Organizations using multi-tenanted deployments of the affected application should be aware of this vulnerability. Specifically, those with SaaS applications that rely on consent management mechanisms should assess their exposure and take necessary actions to mitigate the risk.

Technical summary

The vulnerability arises from the application's failure to correctly isolate consent scopes between tenants in multi-tenanted deployments. When a user grants consent for a SaaS application in one tenant, it can be incorrectly applied to SaaS applications with the same name in other tenants. This can lead to unauthorized data access and privacy violations. The CVSS vector for this vulnerability is CVSS:3.1/AV:N/AC:L/PR:L/UI:R/S:U/C:L/I:N/A:N.

Defensive priority

Given the low CVSS score and limited impact, defenders should prioritize monitoring and inventory checks. Ensure that your deployment does not support multi-tenancy or take steps to verify and restrict consent sharing.

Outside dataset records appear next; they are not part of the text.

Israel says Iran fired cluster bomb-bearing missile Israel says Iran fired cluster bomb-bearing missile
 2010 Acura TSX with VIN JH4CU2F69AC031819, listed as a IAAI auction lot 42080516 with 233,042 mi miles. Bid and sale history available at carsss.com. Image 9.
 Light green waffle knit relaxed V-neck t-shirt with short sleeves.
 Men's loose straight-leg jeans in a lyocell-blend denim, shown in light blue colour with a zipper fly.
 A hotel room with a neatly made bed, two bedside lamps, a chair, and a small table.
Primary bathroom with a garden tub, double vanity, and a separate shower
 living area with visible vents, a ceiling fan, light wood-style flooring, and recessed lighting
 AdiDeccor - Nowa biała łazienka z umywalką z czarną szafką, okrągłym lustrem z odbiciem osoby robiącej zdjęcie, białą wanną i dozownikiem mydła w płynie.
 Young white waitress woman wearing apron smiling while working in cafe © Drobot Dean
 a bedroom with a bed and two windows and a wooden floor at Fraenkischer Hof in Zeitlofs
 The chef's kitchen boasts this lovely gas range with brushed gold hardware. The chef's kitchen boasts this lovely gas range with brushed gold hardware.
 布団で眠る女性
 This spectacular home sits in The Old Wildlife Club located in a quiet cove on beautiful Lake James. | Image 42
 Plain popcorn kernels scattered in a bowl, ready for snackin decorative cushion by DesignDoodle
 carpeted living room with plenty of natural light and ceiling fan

Recommended defensive actions

  • Review your deployment configuration to ensure it does not support multi-tenancy or take steps to verify and restrict consent sharing.
  • Monitor user consent and access patterns for anomalies that could indicate cross-tenant consent sharing.
  • Implement compensating controls to restrict access to sensitive data across tenants.
  • Verify vendor remediation workflow and apply patches or updates as available.
  • Track exceptions and update your incident response plan to address potential cross-tenant consent sharing incidents.

Evidence notes

The CVE record and NVD detail provide official information about the vulnerability. A source reference from WSO2 provides additional context. However, the corpus lacks detailed information on affected versions, patch availability, or workarounds.

Official resources

This article is AI-assisted and based on the supplied source corpus.